**Supplied records**
::::

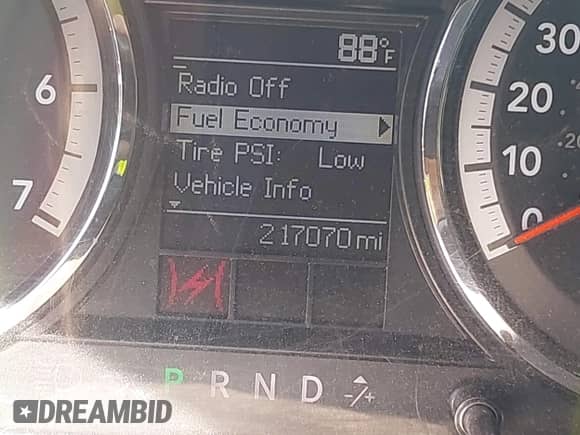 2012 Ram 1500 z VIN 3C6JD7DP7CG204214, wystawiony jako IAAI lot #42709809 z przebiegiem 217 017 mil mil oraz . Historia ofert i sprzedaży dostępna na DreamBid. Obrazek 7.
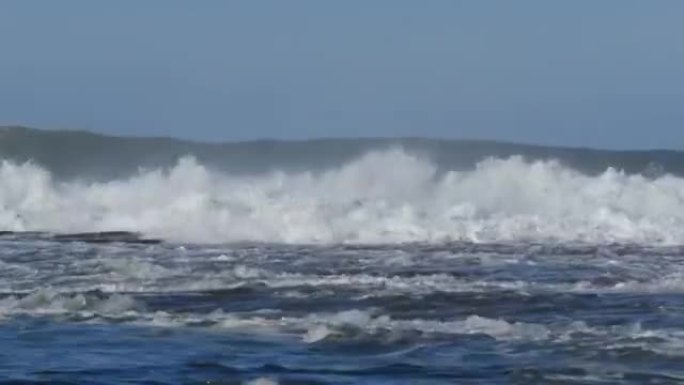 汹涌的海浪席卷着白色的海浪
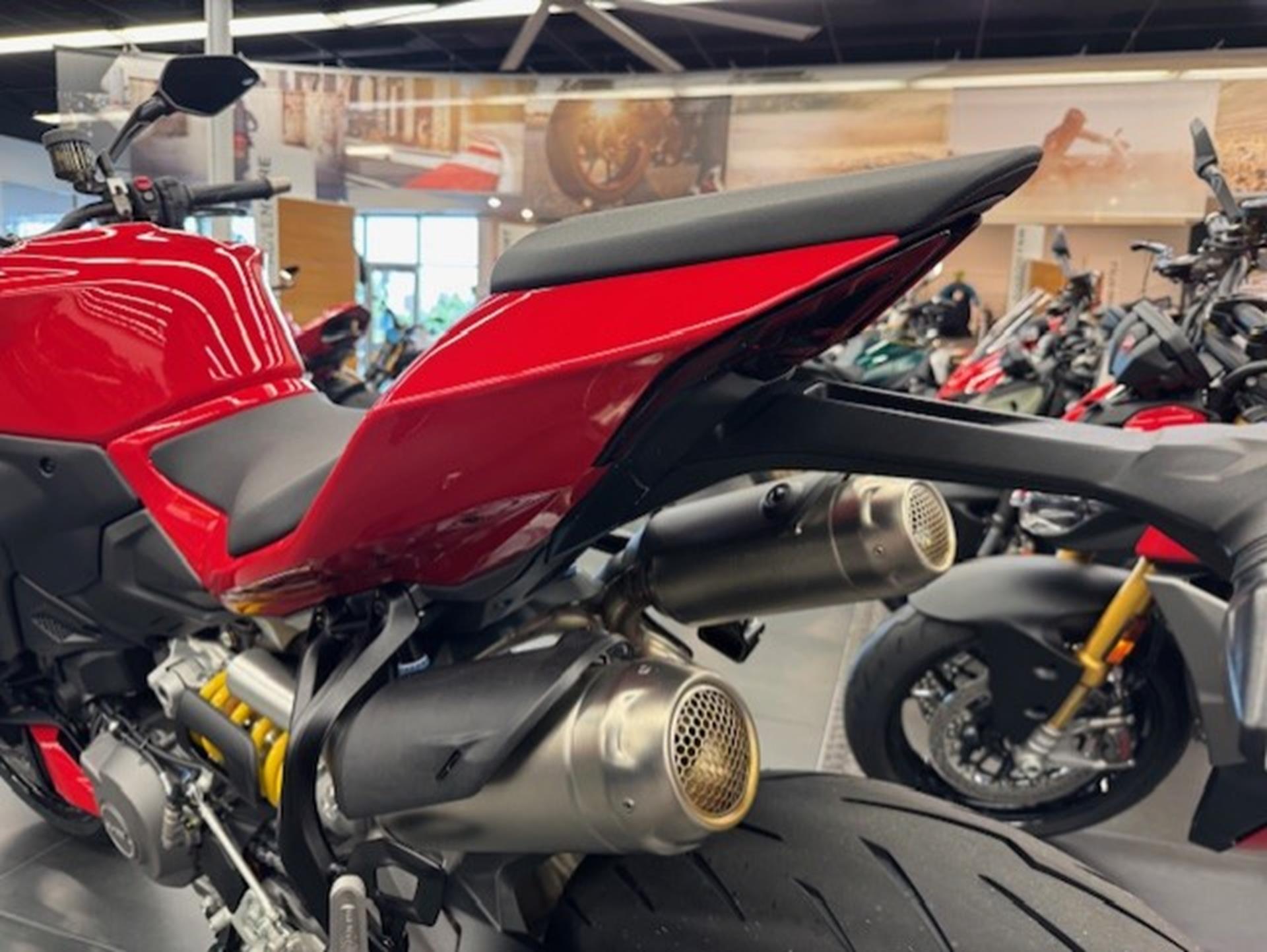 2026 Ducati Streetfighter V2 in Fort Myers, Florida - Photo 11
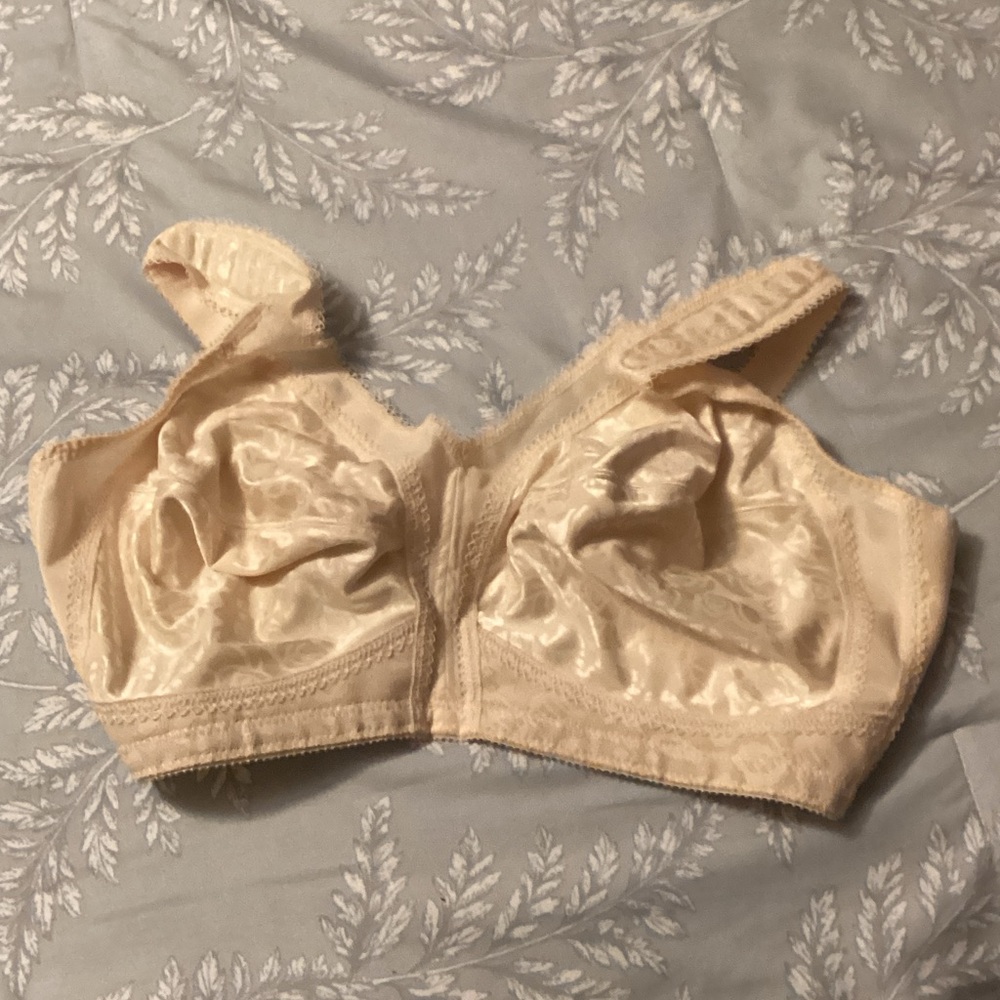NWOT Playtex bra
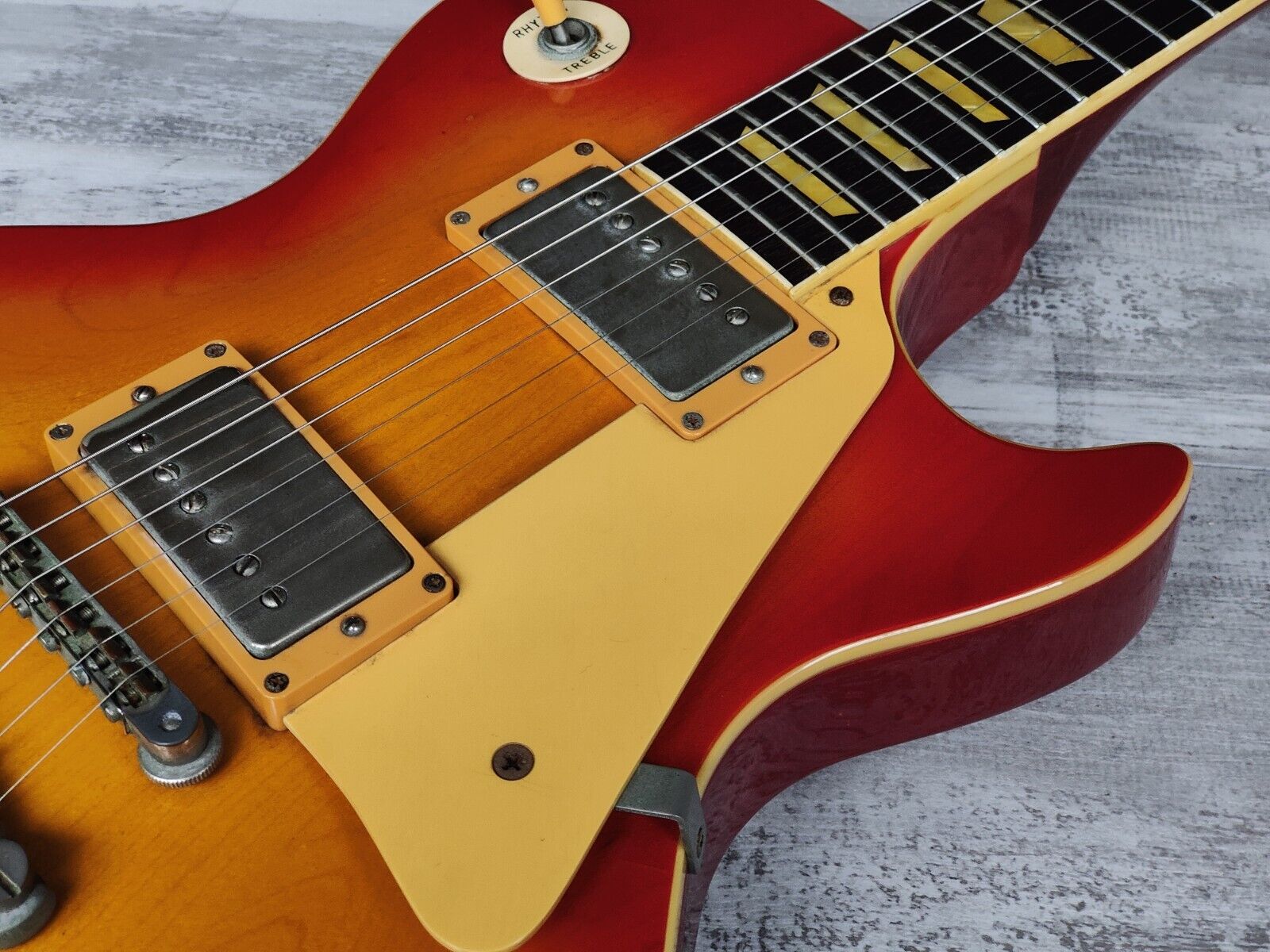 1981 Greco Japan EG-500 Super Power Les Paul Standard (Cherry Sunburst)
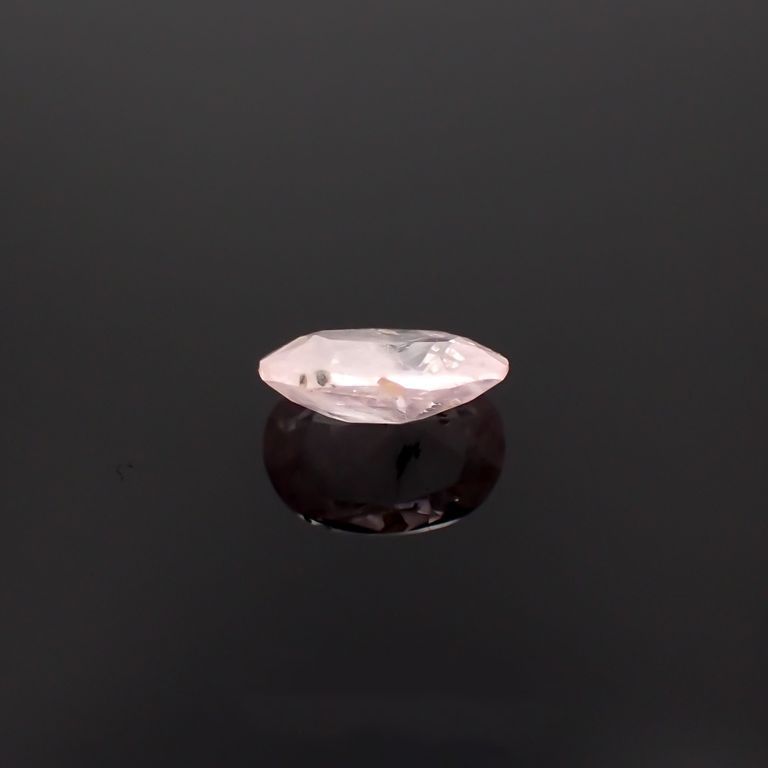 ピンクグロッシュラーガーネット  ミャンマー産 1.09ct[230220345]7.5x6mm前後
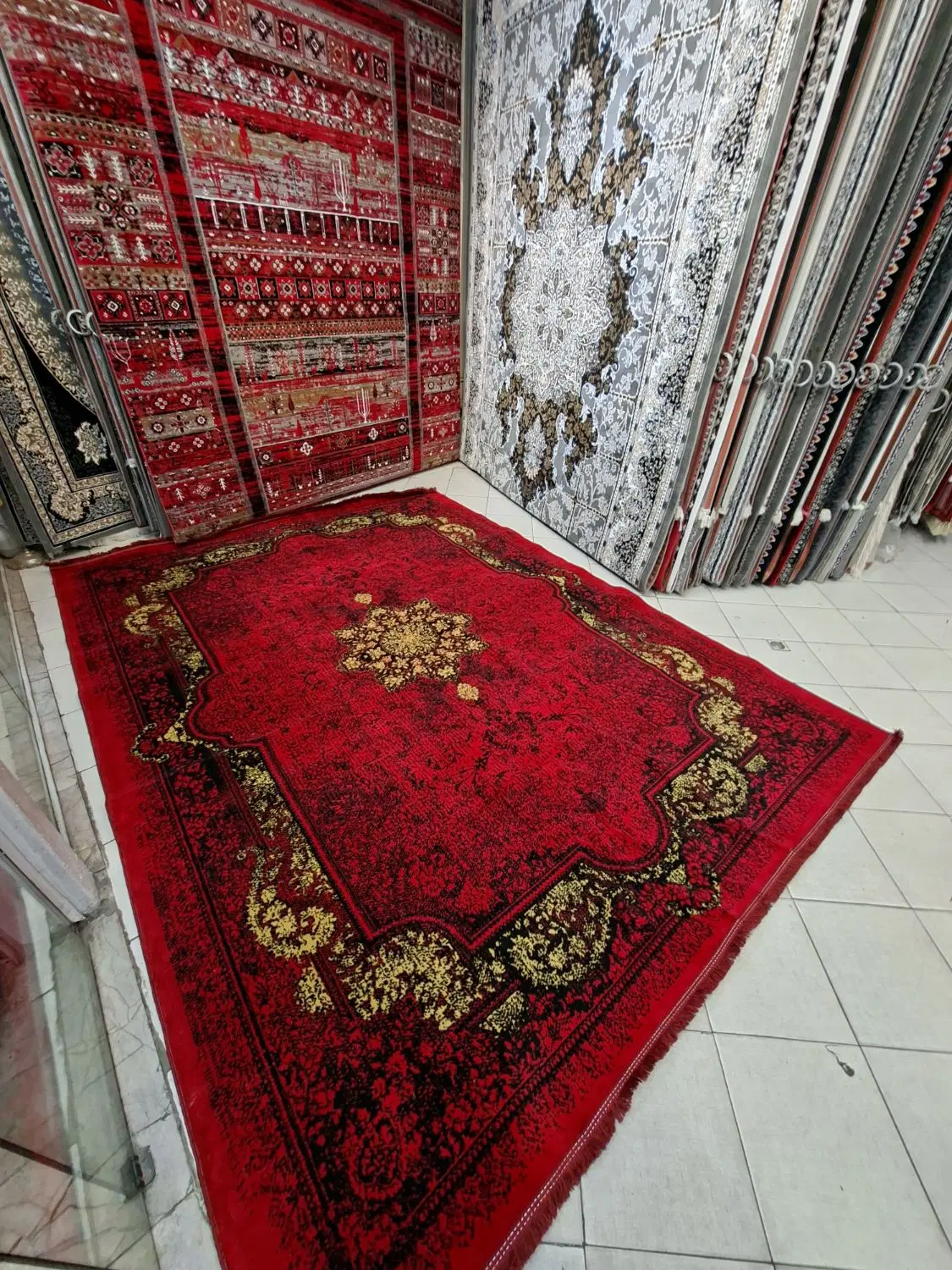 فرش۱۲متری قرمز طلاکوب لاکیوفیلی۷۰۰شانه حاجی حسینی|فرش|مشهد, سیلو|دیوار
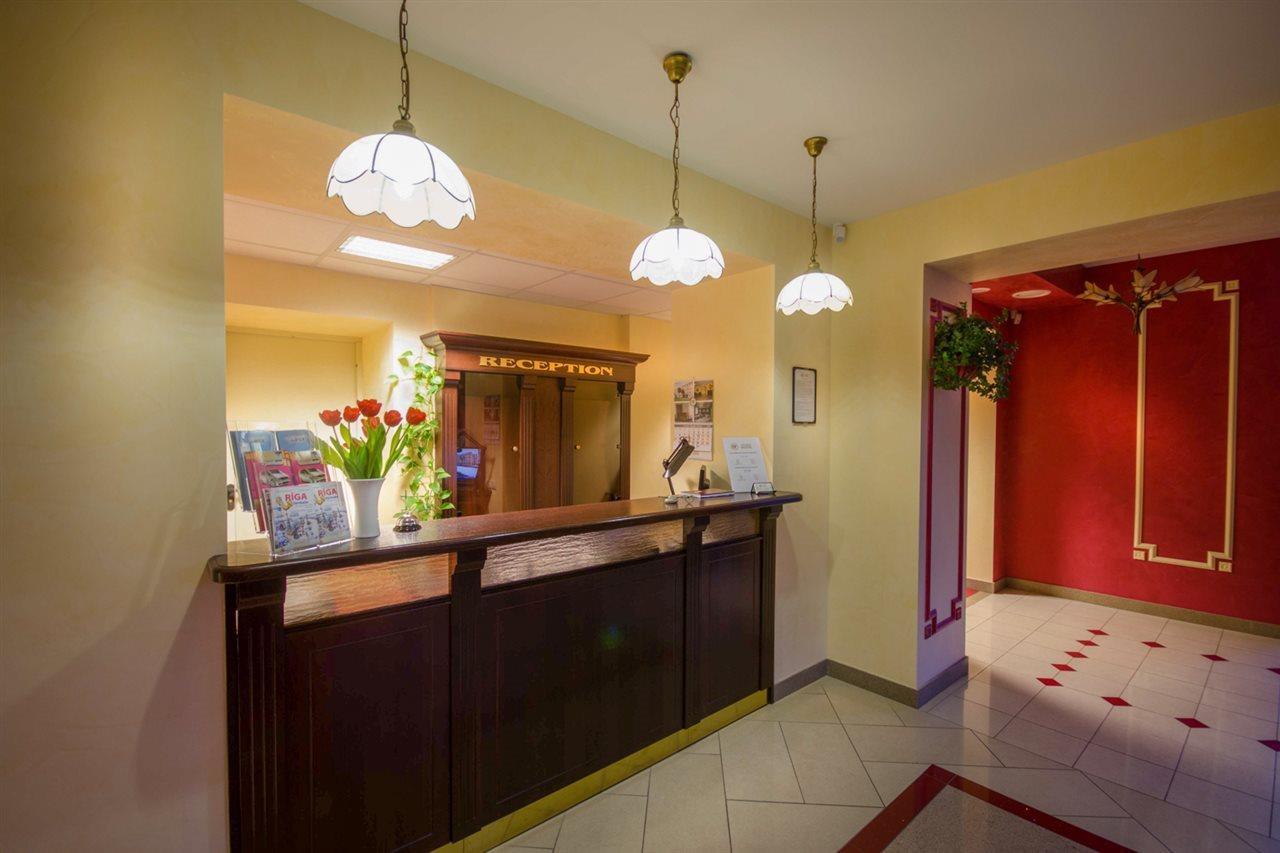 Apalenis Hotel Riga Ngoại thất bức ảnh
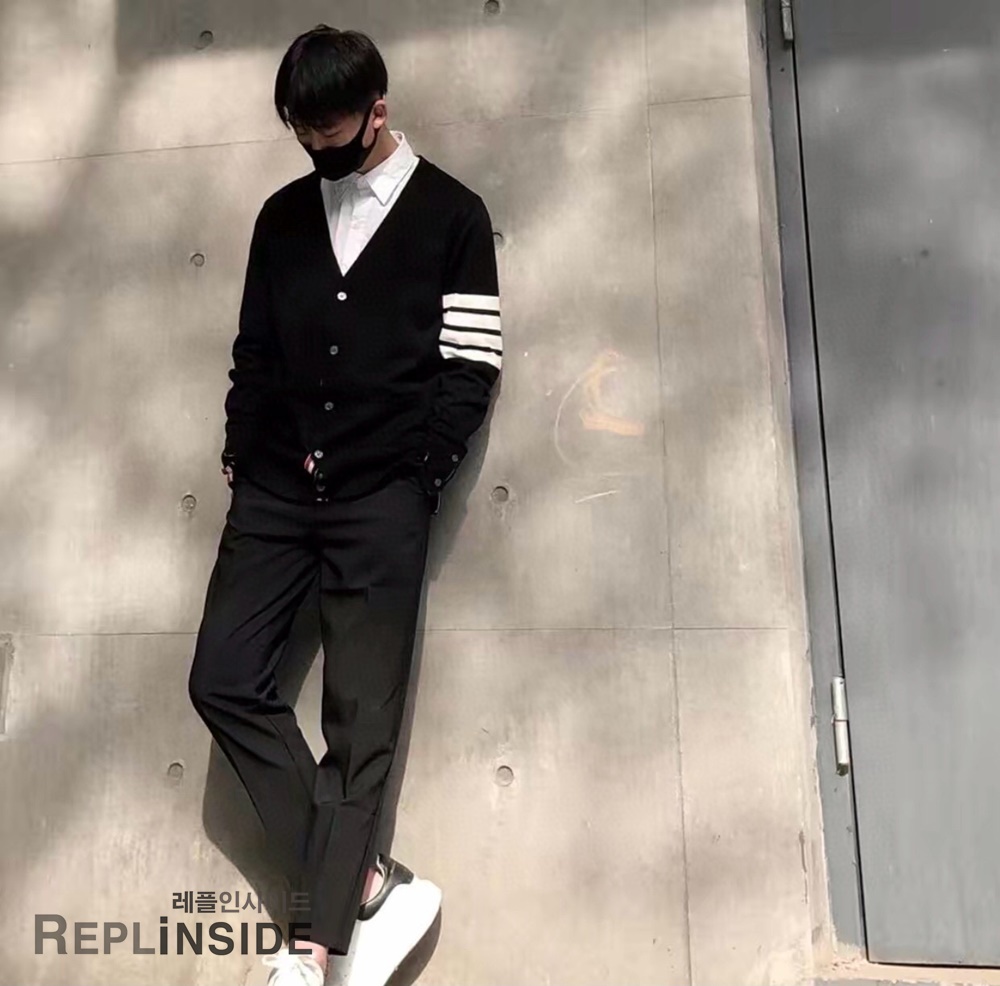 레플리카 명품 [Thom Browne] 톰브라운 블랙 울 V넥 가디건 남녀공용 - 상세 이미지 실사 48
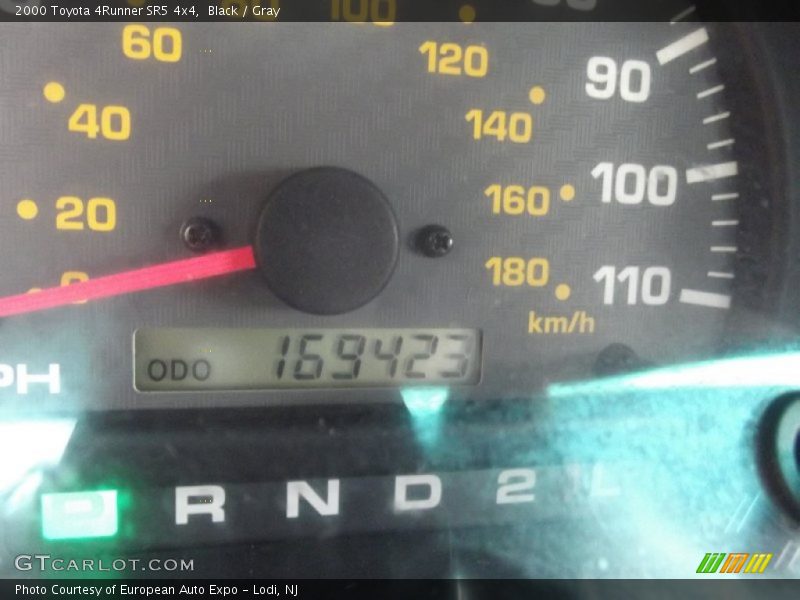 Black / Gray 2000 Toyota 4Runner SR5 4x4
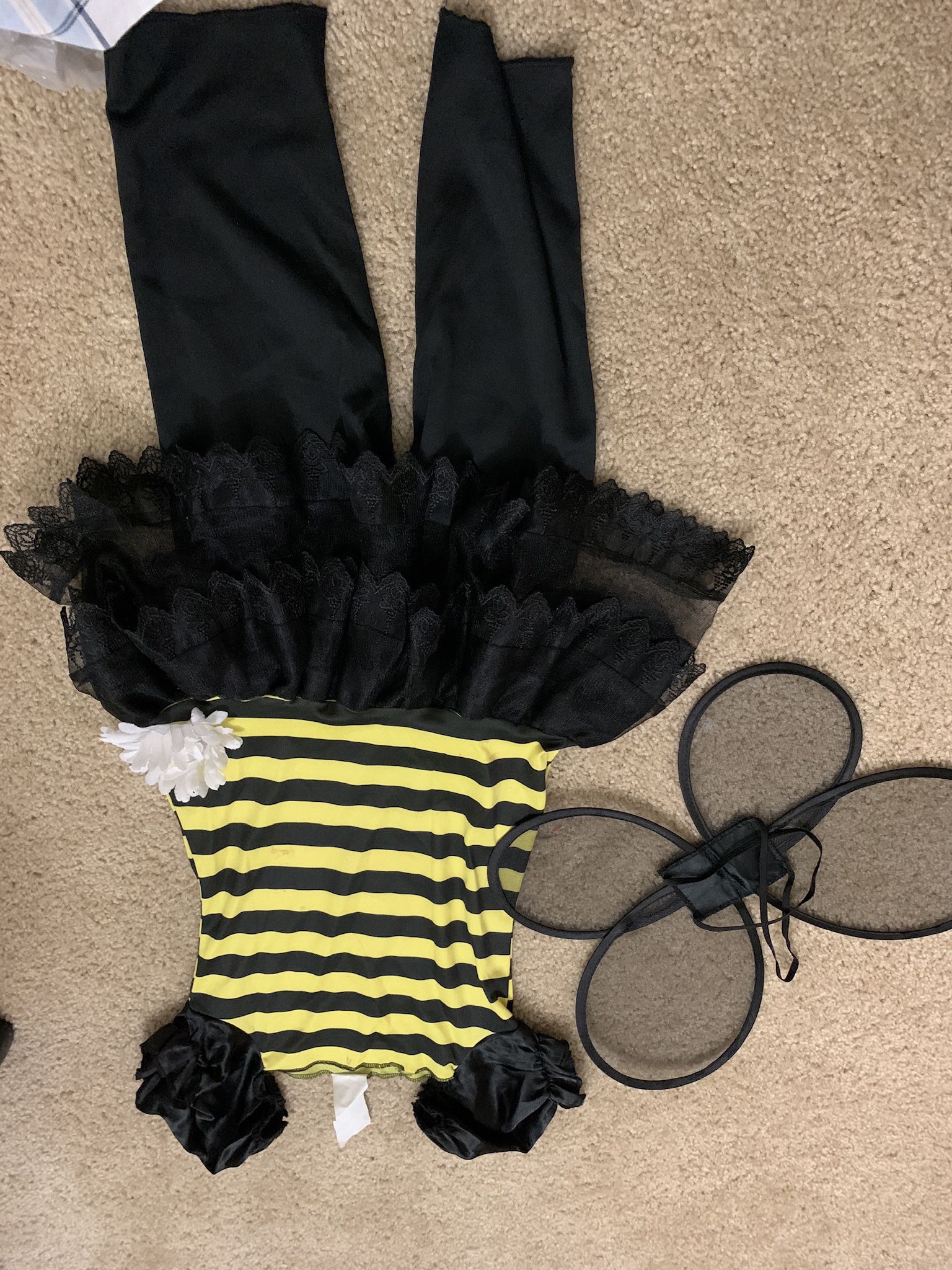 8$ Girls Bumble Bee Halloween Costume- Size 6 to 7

::::

Print exactly the line containing "Black / Gray 2000 Toyota 4Runner SR5 4x4" and every line after it through the final line above, and leave all pictures out.

 Black / Gray 2000 Toyota 4Runner SR5 4x4
 8$ Girls Bumble Bee Halloween Costume- Size 6 to 7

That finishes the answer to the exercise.